Canada – Venezuela in Review: Triumphant Draw
Sunday, May 30th, 2010
For ninety minutes it was another of those sorts of games. Canada had played pretty well, considering the miserable calibre of player they had assembled, the rawness of the squad, the altitude, and the travel. We were losing but the game was a pretty level affair and on another day we could have gone home with the draw. Then up stepped Issey Nakajima-Farran, a complete pile of useless for almost precisely an entire match, and an absolutely perfect free kick to a 5′9″ international debutant shoving his way through the Venezuelan line like a bull in a china shop, and all of a sudden it was that other day.

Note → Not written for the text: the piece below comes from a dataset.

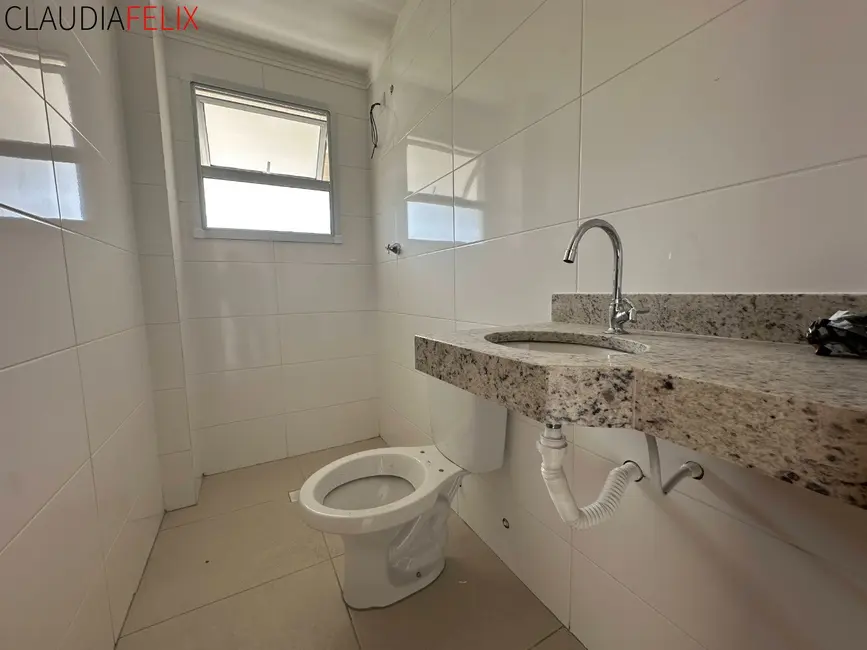 Foto 7 de Apartamento com 1 quarto à venda, 41m2 em Guilhermina, Praia Grande - SP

Gavin McCallum is Canada’s newest international soccer hero. Showing up in Venezuela, McCallum was one of a horde of young men dragooned into international service for want of a better option. His goal on his debut will never be the stuff of legend – it was only a friendly, after all – but coming off the bench on the road against as strong a team as Venezuela and bagging a hard-fought equalizer is the sort of thing that makes a good first impression.
(By the way, thanks to this guy, two of these guys, U-Sector, and the Duke of Gloucester for putting up with a particularly grating Whitecaps fan in their midst. I assure you that if any of you find your way to the west coast the hospitality will be repaid in… ah, who am I kidding, I’ll be a total dick.)
Canada played well, though not spectacularly, and that’s the first time we’ve been able to say that since the Gold Cup. They scored a goal for the first time since the Gold Cup too, breaking a drought dating from July 19, 2009 when Marcel de Jong scored a screamer against Costa Rica. But perhaps we ought not to complain, as the Venezuela squad featured only six players from the 2009 Gold Cup, and not for lack of interest on Canada’s part. And those six were among Canada’s weaker players on the day.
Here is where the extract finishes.